Vox populi, vox Dei

Los recientes acontecimientos en el mundo árabe que, de manera inesperada y con inusual rapidez, están transformando el panorama político de Oriente Próximo, han puesto una vez más en evidencia que los verdaderos protagonistas de la historia no son las ideologías o los estados, sino los pueblos y las personas que no se resignan a una situación injusta. Un joven egipcio escribía en su portal de Facebook, el mismo día que abandonaba el poder el presidente Mubarak: «Hemos sido nosotros los que lo hemos conseguido, todo el pueblo egipcio».

Creo que Antoni Bassas, desde Washington, ha expresado bien lo que está en la raíz de este fenómeno, diciendo que «la historia siempre es la misma: la lucha de un pueblo por su dignidad colectiva y el deseo humano de libertad capaz de convertirse en una fuerza incontenible».

El hombre ha sido creado por Dios libre y responsable de su propio destino, y este proyecto personal de libertad y de responsabilidad toma forma y se materializa siempre con y por la comunidad de la que se forma parte.
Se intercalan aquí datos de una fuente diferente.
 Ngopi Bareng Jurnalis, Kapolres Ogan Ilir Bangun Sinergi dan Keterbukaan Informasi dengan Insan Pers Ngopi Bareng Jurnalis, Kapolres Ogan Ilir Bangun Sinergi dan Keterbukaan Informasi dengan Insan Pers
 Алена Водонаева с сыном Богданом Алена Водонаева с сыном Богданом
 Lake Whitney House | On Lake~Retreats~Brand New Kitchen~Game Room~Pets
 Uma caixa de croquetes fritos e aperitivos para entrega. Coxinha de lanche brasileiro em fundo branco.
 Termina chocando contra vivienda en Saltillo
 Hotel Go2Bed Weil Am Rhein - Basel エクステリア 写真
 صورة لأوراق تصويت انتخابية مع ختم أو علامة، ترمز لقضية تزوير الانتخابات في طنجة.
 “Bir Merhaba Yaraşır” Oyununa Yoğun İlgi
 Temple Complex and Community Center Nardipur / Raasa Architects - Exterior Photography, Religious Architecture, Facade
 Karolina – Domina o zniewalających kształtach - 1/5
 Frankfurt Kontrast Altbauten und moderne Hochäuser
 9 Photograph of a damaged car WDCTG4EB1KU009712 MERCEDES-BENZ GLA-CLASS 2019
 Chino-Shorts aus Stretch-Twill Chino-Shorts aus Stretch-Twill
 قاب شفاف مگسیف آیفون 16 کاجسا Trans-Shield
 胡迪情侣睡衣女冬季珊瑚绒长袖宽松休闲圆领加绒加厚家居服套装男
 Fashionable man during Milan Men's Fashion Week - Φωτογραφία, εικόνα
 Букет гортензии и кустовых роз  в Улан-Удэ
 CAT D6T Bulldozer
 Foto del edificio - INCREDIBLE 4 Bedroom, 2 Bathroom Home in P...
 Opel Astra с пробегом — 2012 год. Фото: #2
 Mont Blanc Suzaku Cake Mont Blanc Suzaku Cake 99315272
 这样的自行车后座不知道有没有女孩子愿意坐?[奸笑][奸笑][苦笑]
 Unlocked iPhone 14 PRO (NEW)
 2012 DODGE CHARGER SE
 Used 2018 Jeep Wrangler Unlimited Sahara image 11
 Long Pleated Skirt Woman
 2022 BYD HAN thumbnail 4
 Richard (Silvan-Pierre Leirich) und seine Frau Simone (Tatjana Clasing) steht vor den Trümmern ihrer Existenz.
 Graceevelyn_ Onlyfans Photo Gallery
El hombre no se puede realizar plenamente como tal sino en la libertad y junto con los demás. Y estos «otros» son todos los demás, considerados como iguales y poseedores de la misma dignidad que se desea ver reconocida para uno mismo. Sin embargo, esta visión universalista del humanismo cristiano es genuina y auténtica, sólo si se encarna en el ámbito natural de acción de cada persona, que tiene en la pertenencia a un colectivo nacional determinado un punto de referencia fundamental.

En la plaza Tahrir de El Cairo, durante los dieciocho días que se convirtió en el centro neurálgico de la resistencia del pueblo egipcio al régimen establecido, entre muchas proclamas democratizadoras y sobre todo cuando el panorama se ponía más negro, una expresión muy querida por los musulmanes se hizo oír a menudo en medio de la multitud congregada: Allah’Akbar, «¡Dios es más grande!». Por más contrariedades que las personas y los pueblos tengan que afrontar, la última palabra no la tienen ni los dictadores ni las circunstancias adversas, sino Dios que está por encima de todos y de todo y que, más o menos visiblemente, acompaña providentemente a los hombres y a los pueblos, que Él ama.

La fe en Dios Omnipotente y Misericordioso, Señor de la historia, nos hermana a cristianos, musulmanes y judíos. Esta fe nunca tendría que llevar a teocracias fundamentalistas ni justificar dictaduras que se aprovechan de los sentimientos religiosos para los intereses de unos pocos. Creer en Dios lleva a creer en las personas y en los pueblos, y es por eso que la fe es un potente móvil que impele a trabajar por la democracia y la justicia social. Porque Dios siempre es el Dios de todos los seres humanos y de todos los pueblos, y quiere el bien del pueblo. Y lo que quiere el pueblo cuando está movido por causas nobles, es lo que quiere Dios: Vox populi, vox Dei.